Back in the day, multiplayer was simply included with the game - whether it made perfect sense or not didn’t really matter. Uncharted 2/3 had basic Deathmatch, Team Deathmatch, and even a co-op mode where you could just shoot enemies with a friend. It was fun - not for weeks on end, but it definitely added value to the game.
Yeah, I think you nailed it. I think this is a victim of the tendency for everything to go bigger. Single player games used to have relatively modest multiplayer modes included to add value, but as time went on so many multiplayer games/modes got so big and impressive by themselves that everyone feels they have to "step it up" to compete. Leading to the new Factions mode growing too big to be finished in time to be included in TLOU2, so it became its own game.
But then you have a problem: do you charge for it, or is it free-to-play? Either choice becomes very hard:
- You could follow the traditional model of building a finished product and put out a paid-for game, but who buys a multiplayer game by itself, without a single player mode, and when there are free alternatives?
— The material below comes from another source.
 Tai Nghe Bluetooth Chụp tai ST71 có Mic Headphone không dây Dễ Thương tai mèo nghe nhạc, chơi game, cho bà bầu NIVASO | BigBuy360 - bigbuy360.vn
Especially if the idea is it's a finished product that won't continue to grow and evolve, which people expect now.
- You could go free-to-play, but since you don't have the up-front cost to recoup expenses, you have to try to monetize by smaller amounts over a longer period of time, which means you have to support the game over a longer period of time - meaning it's now a live service.
So they kind of put themselves between a rock and a hard place by not planning ahead and realizing that spending all this time and money to make a big product means they essentially
have to make it live service to make it worthwhile, which would prevent them from doing other things.
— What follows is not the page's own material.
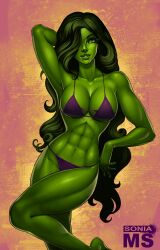 1girls abs artist_name big_breasts bikini clothed feet_out_of_frame female female_only green_body green_eyes green_hair green_skin hair_over_one_eye hourglass_figure hulk_(series) large_breasts legs long_hair marvel marvel_comics muscular_female pinup_pose pose posing sexy_armpits she-hulk simple_background slim_waist solo sonia_matas thighs toned toned_female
Of course I still feel like, with all of the effort and work put into it already, isn't it better to whip that into
something to release? Even just a free multiplayer mode addon to TLOU2? But I guess that's the sunk cost fallacy. The first 90% of a project takes 90% of the time and effort, and the last 10% takes the other 90% of the time and effort - without doing some big flashy live service thing, they probably won't make back whatever it cost to push it to some kind of a finished state, so they'll lose less to just drop it. Sad.